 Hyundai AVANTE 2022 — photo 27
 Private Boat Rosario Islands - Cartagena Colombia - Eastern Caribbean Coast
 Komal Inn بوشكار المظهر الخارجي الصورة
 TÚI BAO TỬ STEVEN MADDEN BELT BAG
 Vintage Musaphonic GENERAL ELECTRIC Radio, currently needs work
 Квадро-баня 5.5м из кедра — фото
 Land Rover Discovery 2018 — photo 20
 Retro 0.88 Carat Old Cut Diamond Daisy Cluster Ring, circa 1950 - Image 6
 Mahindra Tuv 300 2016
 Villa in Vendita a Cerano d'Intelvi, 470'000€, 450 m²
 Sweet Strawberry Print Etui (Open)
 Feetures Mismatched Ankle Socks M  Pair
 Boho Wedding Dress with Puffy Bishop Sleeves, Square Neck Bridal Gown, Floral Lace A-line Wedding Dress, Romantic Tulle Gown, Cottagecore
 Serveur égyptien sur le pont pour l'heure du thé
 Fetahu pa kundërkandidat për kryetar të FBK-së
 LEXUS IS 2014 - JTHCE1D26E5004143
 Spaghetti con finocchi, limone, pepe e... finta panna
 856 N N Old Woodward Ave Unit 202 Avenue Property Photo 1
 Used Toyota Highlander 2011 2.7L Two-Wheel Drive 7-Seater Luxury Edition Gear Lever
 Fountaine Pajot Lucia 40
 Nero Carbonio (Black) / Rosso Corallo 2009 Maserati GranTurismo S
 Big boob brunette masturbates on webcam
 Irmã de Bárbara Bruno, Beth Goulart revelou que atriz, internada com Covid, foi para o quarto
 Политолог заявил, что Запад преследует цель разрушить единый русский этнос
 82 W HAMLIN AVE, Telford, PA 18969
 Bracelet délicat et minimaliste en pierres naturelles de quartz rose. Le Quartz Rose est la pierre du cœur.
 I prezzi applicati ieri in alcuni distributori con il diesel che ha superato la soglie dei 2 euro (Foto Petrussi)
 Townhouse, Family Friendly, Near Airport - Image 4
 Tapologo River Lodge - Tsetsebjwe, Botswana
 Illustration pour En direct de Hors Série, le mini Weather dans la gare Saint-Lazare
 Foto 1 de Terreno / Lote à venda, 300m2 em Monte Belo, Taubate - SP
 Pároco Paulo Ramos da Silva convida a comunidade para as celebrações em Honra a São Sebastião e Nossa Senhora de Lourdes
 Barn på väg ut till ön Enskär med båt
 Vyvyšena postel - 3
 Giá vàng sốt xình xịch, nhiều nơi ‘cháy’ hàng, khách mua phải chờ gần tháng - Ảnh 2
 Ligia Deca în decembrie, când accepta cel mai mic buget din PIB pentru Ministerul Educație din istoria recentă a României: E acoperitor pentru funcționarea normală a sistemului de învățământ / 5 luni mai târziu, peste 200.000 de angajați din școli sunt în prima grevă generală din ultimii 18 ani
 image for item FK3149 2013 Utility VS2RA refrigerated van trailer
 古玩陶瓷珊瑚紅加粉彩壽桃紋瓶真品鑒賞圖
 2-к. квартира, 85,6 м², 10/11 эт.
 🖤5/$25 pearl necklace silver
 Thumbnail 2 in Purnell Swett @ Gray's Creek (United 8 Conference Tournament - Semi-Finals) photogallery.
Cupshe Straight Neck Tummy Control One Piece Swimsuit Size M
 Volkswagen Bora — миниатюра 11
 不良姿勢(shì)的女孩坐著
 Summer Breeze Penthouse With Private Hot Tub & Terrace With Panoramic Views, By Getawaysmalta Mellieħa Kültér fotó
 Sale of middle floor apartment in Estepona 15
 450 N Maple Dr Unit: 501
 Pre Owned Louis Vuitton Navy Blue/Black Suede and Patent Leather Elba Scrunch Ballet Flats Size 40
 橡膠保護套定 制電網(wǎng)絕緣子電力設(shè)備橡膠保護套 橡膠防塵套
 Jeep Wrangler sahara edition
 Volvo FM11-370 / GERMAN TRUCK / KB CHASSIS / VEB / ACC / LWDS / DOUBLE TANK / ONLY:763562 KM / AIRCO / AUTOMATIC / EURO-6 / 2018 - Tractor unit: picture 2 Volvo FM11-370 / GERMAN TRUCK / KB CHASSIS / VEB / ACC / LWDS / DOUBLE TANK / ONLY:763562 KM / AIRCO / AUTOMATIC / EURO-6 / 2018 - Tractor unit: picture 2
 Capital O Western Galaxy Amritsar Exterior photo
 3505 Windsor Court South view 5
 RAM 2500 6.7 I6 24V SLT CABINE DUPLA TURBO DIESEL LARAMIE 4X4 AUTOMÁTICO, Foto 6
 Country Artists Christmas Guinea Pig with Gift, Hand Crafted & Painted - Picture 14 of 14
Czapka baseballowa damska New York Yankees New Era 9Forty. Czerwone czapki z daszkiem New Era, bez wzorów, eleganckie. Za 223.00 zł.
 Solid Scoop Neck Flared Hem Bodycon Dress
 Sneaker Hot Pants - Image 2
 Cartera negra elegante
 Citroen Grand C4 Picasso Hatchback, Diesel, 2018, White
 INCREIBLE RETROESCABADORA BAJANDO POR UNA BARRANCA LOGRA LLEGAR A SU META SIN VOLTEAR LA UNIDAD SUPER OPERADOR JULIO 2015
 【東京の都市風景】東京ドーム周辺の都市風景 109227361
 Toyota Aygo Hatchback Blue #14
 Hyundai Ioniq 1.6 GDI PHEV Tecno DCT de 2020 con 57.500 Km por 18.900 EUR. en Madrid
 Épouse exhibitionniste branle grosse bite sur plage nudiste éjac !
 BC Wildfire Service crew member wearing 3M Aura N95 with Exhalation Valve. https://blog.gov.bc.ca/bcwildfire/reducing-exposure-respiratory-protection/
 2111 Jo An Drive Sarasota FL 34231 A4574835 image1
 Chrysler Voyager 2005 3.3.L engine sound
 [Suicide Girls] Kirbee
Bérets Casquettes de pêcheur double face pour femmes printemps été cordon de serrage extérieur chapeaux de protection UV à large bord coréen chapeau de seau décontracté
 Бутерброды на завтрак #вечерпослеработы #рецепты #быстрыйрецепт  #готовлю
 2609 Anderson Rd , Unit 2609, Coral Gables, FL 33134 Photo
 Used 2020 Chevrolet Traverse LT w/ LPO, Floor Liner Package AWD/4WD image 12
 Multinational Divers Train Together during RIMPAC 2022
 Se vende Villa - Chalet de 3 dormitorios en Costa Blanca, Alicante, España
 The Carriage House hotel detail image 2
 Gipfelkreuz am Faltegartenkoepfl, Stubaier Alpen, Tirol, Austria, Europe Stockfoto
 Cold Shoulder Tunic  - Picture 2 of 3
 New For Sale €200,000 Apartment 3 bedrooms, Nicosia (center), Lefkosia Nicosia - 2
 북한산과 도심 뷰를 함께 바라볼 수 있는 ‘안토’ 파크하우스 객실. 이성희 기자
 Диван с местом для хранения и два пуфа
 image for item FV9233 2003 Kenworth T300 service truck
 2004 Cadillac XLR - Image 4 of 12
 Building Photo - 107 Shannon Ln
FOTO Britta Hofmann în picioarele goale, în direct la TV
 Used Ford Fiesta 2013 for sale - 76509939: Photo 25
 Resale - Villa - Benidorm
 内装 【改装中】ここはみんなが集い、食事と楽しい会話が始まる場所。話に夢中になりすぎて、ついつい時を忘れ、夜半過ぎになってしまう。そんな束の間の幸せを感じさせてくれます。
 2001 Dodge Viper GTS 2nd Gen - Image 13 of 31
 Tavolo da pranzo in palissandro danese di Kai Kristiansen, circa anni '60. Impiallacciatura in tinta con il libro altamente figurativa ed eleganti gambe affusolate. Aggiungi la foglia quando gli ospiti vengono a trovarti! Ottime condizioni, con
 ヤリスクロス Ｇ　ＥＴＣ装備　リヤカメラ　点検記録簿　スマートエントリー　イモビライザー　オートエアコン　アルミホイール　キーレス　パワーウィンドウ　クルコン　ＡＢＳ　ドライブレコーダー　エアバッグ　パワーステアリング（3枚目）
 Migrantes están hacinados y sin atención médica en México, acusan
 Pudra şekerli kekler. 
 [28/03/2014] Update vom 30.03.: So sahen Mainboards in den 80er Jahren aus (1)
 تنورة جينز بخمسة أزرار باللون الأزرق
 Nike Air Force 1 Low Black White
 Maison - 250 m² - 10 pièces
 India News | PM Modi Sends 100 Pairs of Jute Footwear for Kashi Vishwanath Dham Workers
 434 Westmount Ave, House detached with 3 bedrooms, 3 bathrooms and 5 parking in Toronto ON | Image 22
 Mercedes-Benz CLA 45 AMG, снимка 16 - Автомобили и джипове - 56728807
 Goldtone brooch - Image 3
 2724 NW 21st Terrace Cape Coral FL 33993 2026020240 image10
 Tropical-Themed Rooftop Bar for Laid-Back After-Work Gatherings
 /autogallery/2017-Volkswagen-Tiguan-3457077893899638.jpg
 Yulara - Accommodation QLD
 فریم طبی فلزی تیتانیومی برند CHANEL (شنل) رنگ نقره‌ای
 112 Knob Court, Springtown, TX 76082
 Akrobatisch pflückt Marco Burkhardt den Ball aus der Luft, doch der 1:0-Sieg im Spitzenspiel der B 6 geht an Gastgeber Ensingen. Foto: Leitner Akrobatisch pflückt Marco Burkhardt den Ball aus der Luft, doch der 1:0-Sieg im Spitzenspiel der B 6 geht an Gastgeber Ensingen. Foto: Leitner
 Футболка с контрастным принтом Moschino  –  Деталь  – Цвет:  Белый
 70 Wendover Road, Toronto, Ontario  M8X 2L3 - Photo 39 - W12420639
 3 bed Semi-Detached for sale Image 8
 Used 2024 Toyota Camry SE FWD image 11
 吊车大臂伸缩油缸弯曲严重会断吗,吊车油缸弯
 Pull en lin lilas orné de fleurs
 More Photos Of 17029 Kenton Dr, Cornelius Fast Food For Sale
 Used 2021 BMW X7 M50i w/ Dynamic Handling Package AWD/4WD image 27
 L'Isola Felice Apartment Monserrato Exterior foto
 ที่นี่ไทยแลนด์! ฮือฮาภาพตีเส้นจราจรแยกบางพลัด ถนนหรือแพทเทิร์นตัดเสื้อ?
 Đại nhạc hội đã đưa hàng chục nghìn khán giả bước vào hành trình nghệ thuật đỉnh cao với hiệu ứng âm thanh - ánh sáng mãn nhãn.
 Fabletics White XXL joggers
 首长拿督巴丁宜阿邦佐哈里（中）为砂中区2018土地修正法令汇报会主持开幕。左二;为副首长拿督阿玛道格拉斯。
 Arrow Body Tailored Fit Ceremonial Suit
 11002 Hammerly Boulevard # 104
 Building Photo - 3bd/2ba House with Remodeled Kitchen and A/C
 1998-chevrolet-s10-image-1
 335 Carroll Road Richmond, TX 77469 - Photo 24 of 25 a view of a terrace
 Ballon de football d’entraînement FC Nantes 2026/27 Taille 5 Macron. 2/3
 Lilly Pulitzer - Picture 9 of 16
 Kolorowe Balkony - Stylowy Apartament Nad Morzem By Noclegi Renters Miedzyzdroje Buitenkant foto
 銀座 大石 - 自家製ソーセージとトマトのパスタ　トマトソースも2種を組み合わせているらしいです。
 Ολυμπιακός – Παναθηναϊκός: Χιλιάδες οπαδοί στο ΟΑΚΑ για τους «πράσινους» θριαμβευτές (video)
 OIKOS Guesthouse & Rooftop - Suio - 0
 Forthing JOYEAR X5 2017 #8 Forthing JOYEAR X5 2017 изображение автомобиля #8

☆ ☆ ☆ ☆ ☆

BRIEF: Return, with no change at all, every line in the entries above from the line containing "2724 NW 21st" through the line containing "Ballon de football".

ANSWER BOX:
 2724 NW 21st Terrace Cape Coral FL 33993 2026020240 image10
 Tropical-Themed Rooftop Bar for Laid-Back After-Work Gatherings
 /autogallery/2017-Volkswagen-Tiguan-3457077893899638.jpg
 Yulara - Accommodation QLD
 فریم طبی فلزی تیتانیومی برند CHANEL (شنل) رنگ نقره‌ای
 112 Knob Court, Springtown, TX 76082
 Akrobatisch pflückt Marco Burkhardt den Ball aus der Luft, doch der 1:0-Sieg im Spitzenspiel der B 6 geht an Gastgeber Ensingen. Foto: Leitner Akrobatisch pflückt Marco Burkhardt den Ball aus der Luft, doch der 1:0-Sieg im Spitzenspiel der B 6 geht an Gastgeber Ensingen. Foto: Leitner
 Футболка с контрастным принтом Moschino  –  Деталь  – Цвет:  Белый
 70 Wendover Road, Toronto, Ontario  M8X 2L3 - Photo 39 - W12420639
 3 bed Semi-Detached for sale Image 8
 Used 2024 Toyota Camry SE FWD image 11
 吊车大臂伸缩油缸弯曲严重会断吗,吊车油缸弯
 Pull en lin lilas orné de fleurs
 More Photos Of 17029 Kenton Dr, Cornelius Fast Food For Sale
 Used 2021 BMW X7 M50i w/ Dynamic Handling Package AWD/4WD image 27
 L'Isola Felice Apartment Monserrato Exterior foto
 ที่นี่ไทยแลนด์! ฮือฮาภาพตีเส้นจราจรแยกบางพลัด ถนนหรือแพทเทิร์นตัดเสื้อ?
 Đại nhạc hội đã đưa hàng chục nghìn khán giả bước vào hành trình nghệ thuật đỉnh cao với hiệu ứng âm thanh - ánh sáng mãn nhãn.
 Fabletics White XXL joggers
 首长拿督巴丁宜阿邦佐哈里（中）为砂中区2018土地修正法令汇报会主持开幕。左二;为副首长拿督阿玛道格拉斯。
 Arrow Body Tailored Fit Ceremonial Suit
 11002 Hammerly Boulevard # 104
 Building Photo - 3bd/2ba House with Remodeled Kitchen and A/C
 1998-chevrolet-s10-image-1
 335 Carroll Road Richmond, TX 77469 - Photo 24 of 25 a view of a terrace
 Ballon de football d’entraînement FC Nantes 2026/27 Taille 5 Macron. 2/3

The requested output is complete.